Secondo i dati emersi dai test commissionati da T&E, quando la batteria si scarica, i modelli testati possono percorrere in modalità motore solo per 11-23 Km prima di superare le emissioni ufficiali di CO2/Km, contraddicendo quindi la narrativa delle Case automobilistiche secondo la quale tali modelli PHEV sarebbero adatti per lunghi viaggi.
Non solo, a differenza delle auto elettriche a batteria, che percorrono circa 300 Km con una singola ricarica, di fatto devono essere ricaricati molto più frequentemente.
Se la risposta della Case produttrici vede il problema nell’eccessivo utilizzo del motore da parte dei clienti, T&E ricorda che i modelli PHEV in vendita oggi spesso non dispongono della potenza elettrica, dell’autonomia o della velocità di ricarica necessaria.
“Due delle tre auto testate, la BMW X5 e la Volvo XC60, non si ricaricano rapidamente e, stando al manuale dell’Outlander, il motore potrebbe avviarsi se il sistema PHEV è troppo caldo o troppo freddo, in caso di rapida accelerazione o se l’aria condizionata in funzione“.
A questo punto, secondo la ONG, non solo sarebbe necessario che l’Ue in fase di revisione degli obiettivi 2025/2030 ponesse un freno ai meccanismi di regolamentazione che attribuiscono crediti aggiuntivi ai PHEV (ragione per cui le Case produttrici ne spingono la vendita visto che, in questo modo possono raggiungere più facilmente gli standard emissivi europei), ma sarebbe altresì doveroso che i governi europei ponessero uno stop alle misure di sussidio all’acquisto e alle agevolazioni fiscali per i PHEV.
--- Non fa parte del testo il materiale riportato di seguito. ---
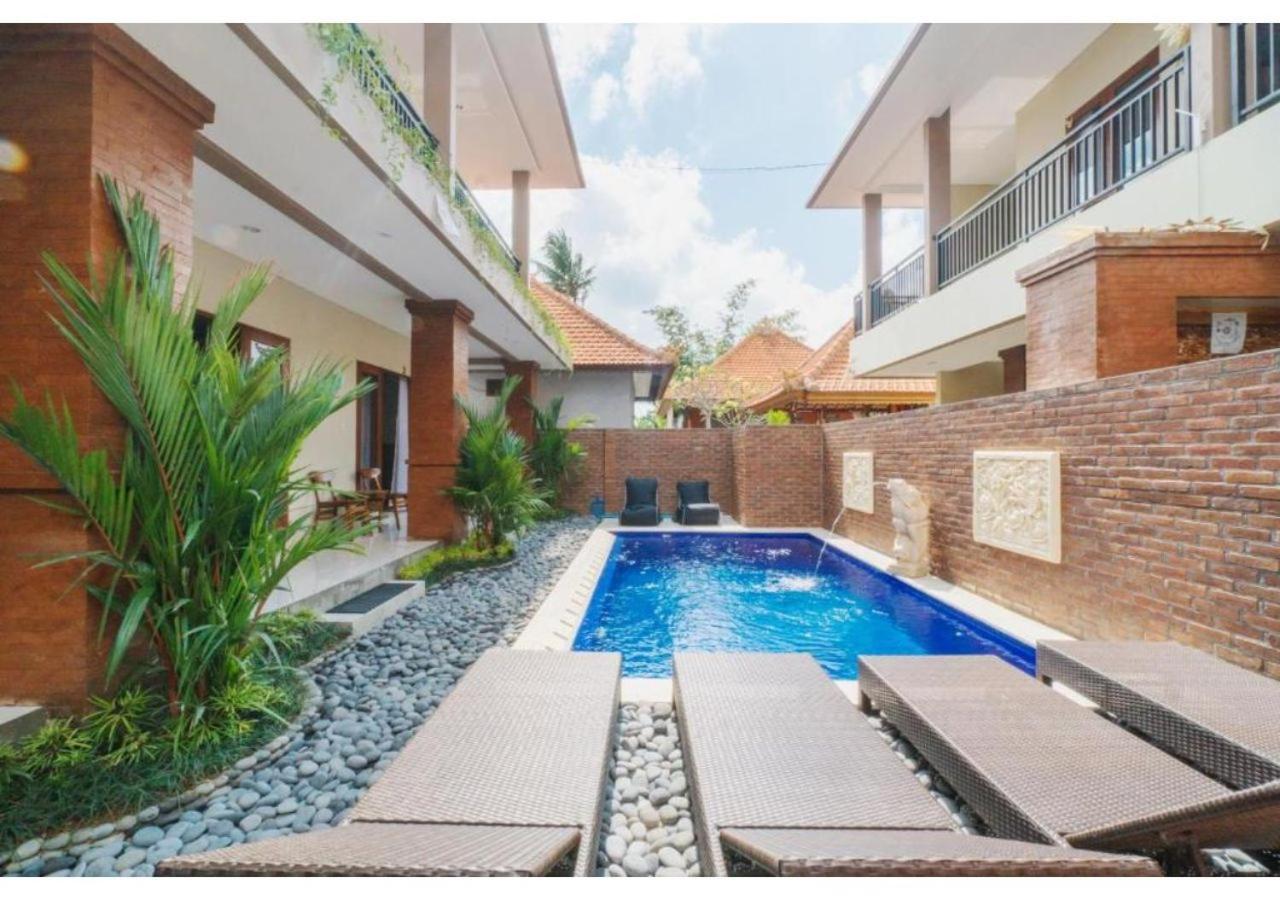 Komala Homestay Canggu Eksteriør billede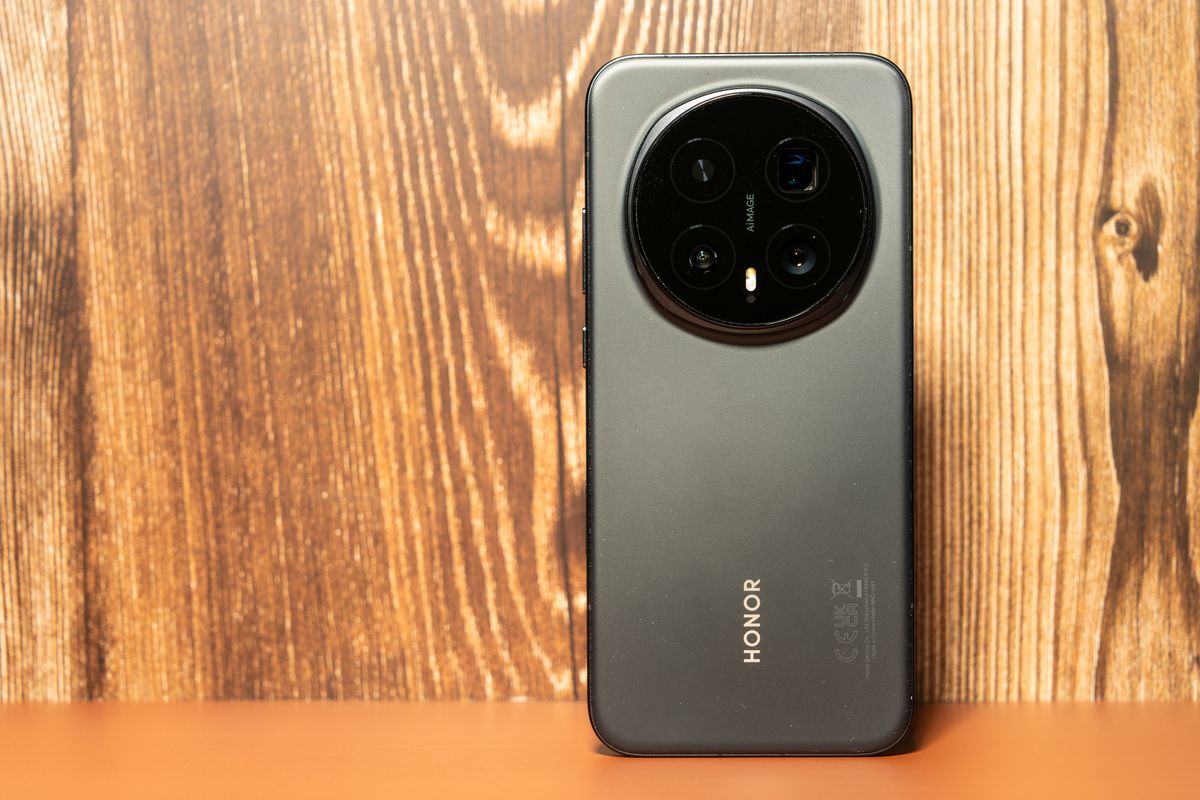 The black rear of Honor Magic 8 Pro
Nel commentare la notizia, Veronica Aneris, direttrice per l’Italia di T&E, ha dichiarato: “I test effettuati confermano che le auto ibride plug-in sono solo finte auto elettriche che fanno molto poco per il clima, ricevendo al contempo un’enorme quantità di sussidi. La Finanziaria 2021 dovrebbe mettere fine a questo spreco di soldi pubblici, che sarebbero molto meglio utilizzati se investiti nello sviluppo di una capillare ed efficiente rete di ricarica per veicoli elettrici puri. Questo è ciò di cui l’Italia ha bisogno ora per permettere alle soluzioni realmente a zero emissioni di accedere al mercato di massa“.
Un commento ulteriore è arrivato da Gianni Silvestrini, direttore scientifico di Kyoto Club che ha dichiarato: “Mentre si è appena formato il raggruppamento Zero Emission Transportation Association (ZETA), 28 società che spingono perchè negli Usa dal 2030 si vendano solo auto elettriche, e mentre gli UK hanno bloccato la commercializzazione di nuove auto a benzina e diesel dopo il 2030, occorre che la transizione europea verso l’elettrico acceleri. Non si dovrebbero quindi favorire modelli ibridi plug-in che, come confermano le misurazioni di T&E, comportano emissioni di CO2 molto maggiori di quanto dichiarato dalle case automobilistiche testate“.